La città della danza

Lugano si propone come ideale ponte di confronto tra Svizzera, Europa e Nordamerica
/ 13.06.2022
di Giorgio Thoeni

Per un’intera settimana a fine maggio, Lugano si è trasformata in una piccola capitale della danza con la prima edizione di Lugano Dance Project, un festival diffuso negli spazi del LAC e in altri luoghi, alcuni dei quali hanno ospitato per la prima volta uno spettacolo dal vivo.

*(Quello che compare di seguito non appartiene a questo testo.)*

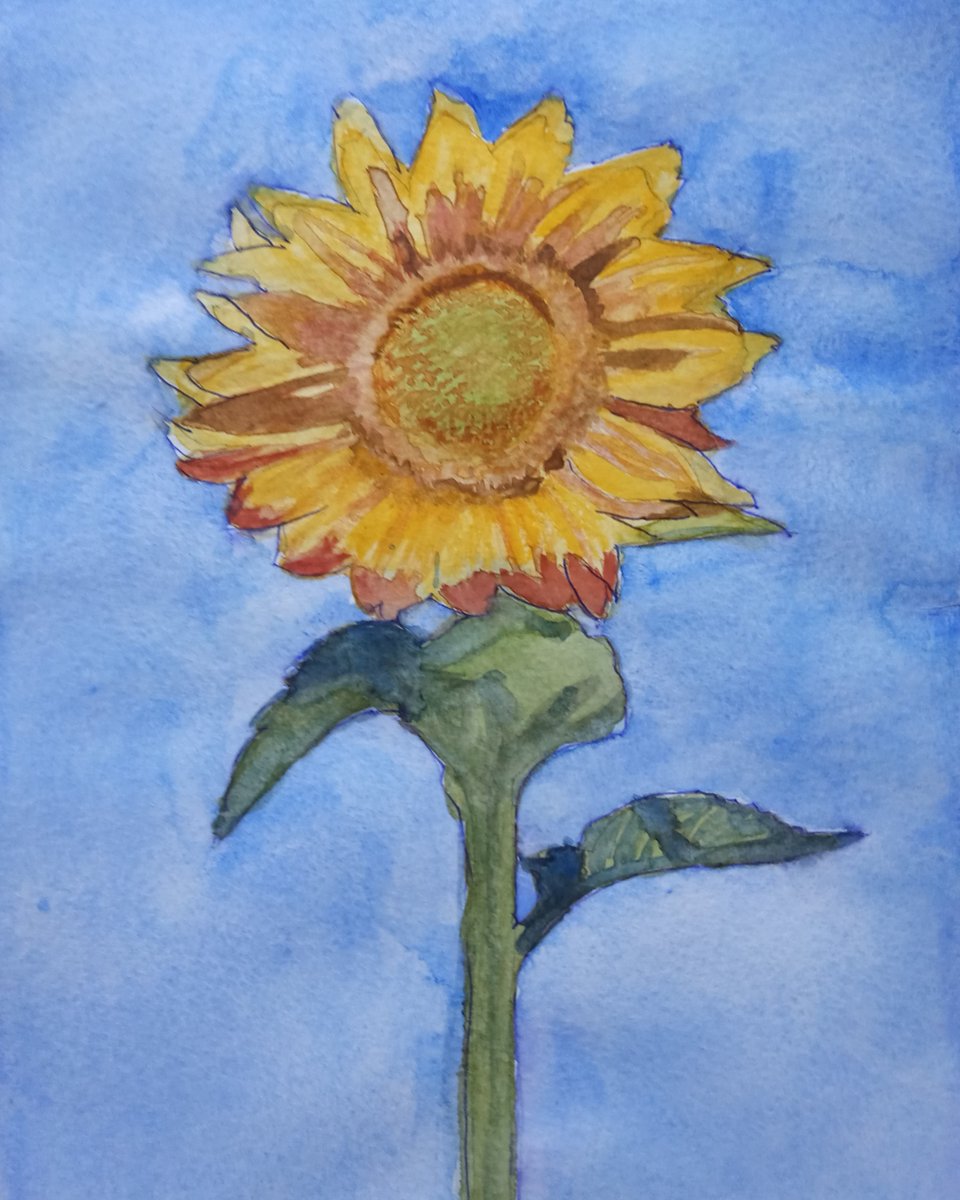ToplisJane's tweet photo. A sunflower for Ukraine. https://t.co/UZBSFqWLDj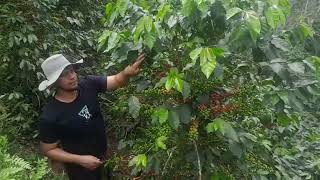 Resultados satisfactorios de la poda pulmón colombiancoffee [upl. by Cilo745]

L’iniziativa, voluta da Michel Gagnon con la collaborazione di Lorenzo Conti e Carmelo Rifici, larvatamente ispirata alla storica esperienza della comunità utopica di Laban al Monte Verità, ha riunito alcune delle più originali espressioni della danza contemporanea e nuove produzioni di tre coreografe: la canadese Virginie Brunelle, l’angloamericana Annie Hanauer e la svizzera Lea Moro.

«Abbiamo deciso di investire sulla danza in quanto disciplina universale che riassume l’insieme delle arti, tra arte, gesto e movimento», ha dichiarato Gagnon nel presentare la manifestazione, sottolineando quanto la proposta sia anche una sorta di sintesi della sua vita professionale, una base su cui costruire un ideale ponte di confronto e pensiero tra Svizzera, Europa e Nordamerica. Un bella ambizione, soprattutto per un territorio che ha sempre faticato a investire in modo continuativo sulla danza contemporanea.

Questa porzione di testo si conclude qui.